- **SOURCE DATA**
= = = = =

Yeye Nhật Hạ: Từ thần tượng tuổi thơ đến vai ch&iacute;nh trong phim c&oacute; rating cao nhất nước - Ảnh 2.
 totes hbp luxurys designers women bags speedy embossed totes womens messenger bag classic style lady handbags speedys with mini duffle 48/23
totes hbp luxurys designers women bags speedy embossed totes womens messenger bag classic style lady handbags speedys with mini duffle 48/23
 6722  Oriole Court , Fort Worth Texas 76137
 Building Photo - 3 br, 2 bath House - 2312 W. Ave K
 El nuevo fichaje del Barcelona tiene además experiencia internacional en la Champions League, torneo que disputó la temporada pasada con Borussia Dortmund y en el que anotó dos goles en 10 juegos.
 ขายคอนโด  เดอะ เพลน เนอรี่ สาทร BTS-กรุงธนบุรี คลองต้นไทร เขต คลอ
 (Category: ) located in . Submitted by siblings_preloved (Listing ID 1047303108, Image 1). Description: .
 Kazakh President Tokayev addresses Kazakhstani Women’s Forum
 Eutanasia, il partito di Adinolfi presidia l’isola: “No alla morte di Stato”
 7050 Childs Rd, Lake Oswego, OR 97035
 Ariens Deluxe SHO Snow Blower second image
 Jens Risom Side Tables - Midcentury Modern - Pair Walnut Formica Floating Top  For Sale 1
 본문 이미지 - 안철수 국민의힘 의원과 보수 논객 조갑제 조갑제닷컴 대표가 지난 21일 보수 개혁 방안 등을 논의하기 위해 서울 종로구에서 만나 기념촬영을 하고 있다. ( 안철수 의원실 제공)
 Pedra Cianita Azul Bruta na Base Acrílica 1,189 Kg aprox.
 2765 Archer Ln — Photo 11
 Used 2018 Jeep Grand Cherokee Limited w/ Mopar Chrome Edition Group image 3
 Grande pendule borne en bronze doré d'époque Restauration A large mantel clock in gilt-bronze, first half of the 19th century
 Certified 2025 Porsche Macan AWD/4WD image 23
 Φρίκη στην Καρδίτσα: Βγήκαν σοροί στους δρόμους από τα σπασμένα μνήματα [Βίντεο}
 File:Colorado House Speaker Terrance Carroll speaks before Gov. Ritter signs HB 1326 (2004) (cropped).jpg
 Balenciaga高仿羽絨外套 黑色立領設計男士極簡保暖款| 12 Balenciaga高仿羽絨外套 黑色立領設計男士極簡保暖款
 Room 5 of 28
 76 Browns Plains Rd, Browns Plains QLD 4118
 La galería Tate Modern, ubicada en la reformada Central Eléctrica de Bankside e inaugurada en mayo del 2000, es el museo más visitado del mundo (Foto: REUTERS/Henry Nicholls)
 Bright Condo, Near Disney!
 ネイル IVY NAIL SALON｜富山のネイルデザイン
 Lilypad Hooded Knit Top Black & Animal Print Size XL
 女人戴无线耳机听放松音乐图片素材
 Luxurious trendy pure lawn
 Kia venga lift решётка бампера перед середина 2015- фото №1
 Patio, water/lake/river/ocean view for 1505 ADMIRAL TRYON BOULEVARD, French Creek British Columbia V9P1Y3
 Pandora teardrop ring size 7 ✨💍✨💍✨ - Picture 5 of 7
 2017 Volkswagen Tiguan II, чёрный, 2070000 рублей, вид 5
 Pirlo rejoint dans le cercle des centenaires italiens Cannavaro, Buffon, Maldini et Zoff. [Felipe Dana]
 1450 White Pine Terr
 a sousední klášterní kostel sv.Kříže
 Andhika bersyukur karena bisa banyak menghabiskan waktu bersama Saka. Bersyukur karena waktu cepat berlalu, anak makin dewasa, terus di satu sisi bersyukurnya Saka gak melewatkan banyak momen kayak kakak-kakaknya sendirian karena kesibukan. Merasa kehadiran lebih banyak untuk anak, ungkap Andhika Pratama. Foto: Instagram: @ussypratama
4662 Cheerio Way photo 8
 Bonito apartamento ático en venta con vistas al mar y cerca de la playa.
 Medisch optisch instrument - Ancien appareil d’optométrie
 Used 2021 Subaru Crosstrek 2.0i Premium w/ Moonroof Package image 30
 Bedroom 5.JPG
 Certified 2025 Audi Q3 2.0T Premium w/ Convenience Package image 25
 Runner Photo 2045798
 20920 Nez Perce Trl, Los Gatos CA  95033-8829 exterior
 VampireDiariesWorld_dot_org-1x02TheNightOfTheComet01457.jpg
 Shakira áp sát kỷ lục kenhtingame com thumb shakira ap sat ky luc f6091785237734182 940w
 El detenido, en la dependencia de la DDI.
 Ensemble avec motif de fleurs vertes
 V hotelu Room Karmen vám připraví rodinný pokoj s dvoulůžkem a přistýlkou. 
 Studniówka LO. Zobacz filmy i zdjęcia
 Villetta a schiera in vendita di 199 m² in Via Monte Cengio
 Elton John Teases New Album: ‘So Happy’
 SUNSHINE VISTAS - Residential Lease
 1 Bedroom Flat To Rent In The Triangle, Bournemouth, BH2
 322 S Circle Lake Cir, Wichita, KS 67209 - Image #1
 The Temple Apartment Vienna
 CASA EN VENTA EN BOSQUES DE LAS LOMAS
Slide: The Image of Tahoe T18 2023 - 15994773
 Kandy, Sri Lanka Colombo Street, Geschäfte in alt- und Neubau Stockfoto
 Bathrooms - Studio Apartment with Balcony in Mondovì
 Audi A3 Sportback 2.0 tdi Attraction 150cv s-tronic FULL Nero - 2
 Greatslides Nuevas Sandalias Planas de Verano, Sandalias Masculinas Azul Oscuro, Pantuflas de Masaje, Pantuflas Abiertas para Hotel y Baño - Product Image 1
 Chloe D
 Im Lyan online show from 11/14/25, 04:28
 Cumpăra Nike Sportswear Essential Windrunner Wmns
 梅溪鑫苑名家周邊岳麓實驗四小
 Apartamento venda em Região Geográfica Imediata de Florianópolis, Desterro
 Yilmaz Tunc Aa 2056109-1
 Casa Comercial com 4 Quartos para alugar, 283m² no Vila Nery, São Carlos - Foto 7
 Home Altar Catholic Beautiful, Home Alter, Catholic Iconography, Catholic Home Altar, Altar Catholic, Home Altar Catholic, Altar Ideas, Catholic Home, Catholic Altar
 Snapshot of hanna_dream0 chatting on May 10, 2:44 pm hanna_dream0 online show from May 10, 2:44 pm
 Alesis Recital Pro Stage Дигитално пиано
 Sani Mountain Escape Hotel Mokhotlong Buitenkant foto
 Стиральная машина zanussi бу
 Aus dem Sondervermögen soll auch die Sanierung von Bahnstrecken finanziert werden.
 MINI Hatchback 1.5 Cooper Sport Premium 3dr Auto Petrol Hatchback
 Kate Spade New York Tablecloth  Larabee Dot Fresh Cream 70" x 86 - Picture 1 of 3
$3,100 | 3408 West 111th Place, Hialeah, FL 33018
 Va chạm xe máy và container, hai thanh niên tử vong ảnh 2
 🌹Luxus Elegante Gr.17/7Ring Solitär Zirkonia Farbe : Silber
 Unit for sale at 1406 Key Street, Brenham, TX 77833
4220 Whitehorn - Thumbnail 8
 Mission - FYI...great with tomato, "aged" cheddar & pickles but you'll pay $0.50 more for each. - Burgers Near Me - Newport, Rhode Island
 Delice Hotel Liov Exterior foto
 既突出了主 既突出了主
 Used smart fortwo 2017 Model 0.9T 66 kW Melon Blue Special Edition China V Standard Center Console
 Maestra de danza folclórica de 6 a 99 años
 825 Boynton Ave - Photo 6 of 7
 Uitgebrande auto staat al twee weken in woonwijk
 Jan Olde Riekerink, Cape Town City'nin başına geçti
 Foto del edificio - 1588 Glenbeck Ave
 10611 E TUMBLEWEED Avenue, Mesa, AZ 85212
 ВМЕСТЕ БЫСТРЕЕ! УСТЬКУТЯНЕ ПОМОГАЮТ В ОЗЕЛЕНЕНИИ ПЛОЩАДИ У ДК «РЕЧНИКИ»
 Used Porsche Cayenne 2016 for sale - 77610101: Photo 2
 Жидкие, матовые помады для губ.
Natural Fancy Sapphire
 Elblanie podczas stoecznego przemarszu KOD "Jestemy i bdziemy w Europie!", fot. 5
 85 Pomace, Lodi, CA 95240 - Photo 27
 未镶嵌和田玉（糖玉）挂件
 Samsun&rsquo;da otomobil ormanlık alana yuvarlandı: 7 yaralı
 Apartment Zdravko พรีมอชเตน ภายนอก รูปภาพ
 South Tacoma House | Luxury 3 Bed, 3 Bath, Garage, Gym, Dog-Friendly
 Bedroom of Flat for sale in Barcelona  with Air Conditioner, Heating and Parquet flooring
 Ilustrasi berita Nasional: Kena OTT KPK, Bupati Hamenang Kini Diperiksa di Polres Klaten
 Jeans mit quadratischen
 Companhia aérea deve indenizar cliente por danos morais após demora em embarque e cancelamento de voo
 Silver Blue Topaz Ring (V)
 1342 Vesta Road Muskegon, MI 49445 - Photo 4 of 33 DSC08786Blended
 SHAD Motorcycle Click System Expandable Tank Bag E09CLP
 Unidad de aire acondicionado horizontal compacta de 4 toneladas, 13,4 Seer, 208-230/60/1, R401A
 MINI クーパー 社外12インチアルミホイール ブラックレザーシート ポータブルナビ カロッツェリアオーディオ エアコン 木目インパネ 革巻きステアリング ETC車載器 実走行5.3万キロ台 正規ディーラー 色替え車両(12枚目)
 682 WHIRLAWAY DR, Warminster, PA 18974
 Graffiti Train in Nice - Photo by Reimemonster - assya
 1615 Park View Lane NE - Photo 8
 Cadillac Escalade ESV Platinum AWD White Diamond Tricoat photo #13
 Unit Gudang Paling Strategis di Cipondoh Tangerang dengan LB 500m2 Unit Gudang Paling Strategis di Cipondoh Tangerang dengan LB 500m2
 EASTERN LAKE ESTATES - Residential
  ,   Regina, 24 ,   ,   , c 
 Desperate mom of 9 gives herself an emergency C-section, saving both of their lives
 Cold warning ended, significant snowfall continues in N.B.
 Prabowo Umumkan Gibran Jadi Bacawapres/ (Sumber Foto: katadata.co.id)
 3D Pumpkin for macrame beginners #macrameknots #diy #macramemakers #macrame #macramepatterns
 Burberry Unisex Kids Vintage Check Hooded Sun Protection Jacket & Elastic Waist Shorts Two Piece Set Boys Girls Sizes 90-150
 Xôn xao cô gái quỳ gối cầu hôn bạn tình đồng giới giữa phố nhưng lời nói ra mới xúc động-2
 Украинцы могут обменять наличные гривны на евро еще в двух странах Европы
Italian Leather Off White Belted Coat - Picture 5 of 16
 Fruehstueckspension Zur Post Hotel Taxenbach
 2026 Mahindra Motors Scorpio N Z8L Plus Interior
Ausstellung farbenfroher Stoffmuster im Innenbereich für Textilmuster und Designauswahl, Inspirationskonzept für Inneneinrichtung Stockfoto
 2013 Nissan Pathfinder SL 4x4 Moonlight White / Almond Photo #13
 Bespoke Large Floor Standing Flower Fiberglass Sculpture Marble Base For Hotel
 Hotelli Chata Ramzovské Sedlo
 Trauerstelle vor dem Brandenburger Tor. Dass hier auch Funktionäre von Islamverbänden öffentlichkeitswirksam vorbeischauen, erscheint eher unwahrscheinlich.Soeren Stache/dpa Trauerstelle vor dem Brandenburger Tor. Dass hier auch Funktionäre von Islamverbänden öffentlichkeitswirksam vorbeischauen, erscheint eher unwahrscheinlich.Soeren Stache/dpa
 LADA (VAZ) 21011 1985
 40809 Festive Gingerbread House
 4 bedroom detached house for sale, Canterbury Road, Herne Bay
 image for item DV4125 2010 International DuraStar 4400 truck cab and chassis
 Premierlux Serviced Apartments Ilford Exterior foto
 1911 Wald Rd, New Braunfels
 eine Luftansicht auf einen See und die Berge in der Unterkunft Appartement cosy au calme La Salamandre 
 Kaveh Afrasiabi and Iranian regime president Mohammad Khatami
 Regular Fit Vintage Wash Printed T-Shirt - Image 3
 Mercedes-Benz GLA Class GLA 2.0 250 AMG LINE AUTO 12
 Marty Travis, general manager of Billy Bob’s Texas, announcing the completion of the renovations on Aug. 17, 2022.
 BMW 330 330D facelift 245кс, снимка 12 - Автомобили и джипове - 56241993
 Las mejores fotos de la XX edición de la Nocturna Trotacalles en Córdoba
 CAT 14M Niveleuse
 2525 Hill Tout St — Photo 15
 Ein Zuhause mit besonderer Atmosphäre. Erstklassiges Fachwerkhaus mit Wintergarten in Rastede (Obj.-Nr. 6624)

= = = = =

- **WORK TASK**
Give the lines again, exactly as they stand, from the beginning of the data through the line with "7050 Childs Rd, Lake Oswego, OR 97035".

- **OUTPUT FOR THIS EXERCISE**
Yeye Nhật Hạ: Từ thần tượng tuổi thơ đến vai ch&iacute;nh trong phim c&oacute; rating cao nhất nước - Ảnh 2.
 totes hbp luxurys designers women bags speedy embossed totes womens messenger bag classic style lady handbags speedys with mini duffle 48/23
totes hbp luxurys designers women bags speedy embossed totes womens messenger bag classic style lady handbags speedys with mini duffle 48/23
 6722  Oriole Court , Fort Worth Texas 76137
 Building Photo - 3 br, 2 bath House - 2312 W. Ave K
 El nuevo fichaje del Barcelona tiene además experiencia internacional en la Champions League, torneo que disputó la temporada pasada con Borussia Dortmund y en el que anotó dos goles en 10 juegos.
 ขายคอนโด  เดอะ เพลน เนอรี่ สาทร BTS-กรุงธนบุรี คลองต้นไทร เขต คลอ
 (Category: ) located in . Submitted by siblings_preloved (Listing ID 1047303108, Image 1). Description: .
 Kazakh President Tokayev addresses Kazakhstani Women’s Forum
 Eutanasia, il partito di Adinolfi presidia l’isola: “No alla morte di Stato”
 7050 Childs Rd, Lake Oswego, OR 97035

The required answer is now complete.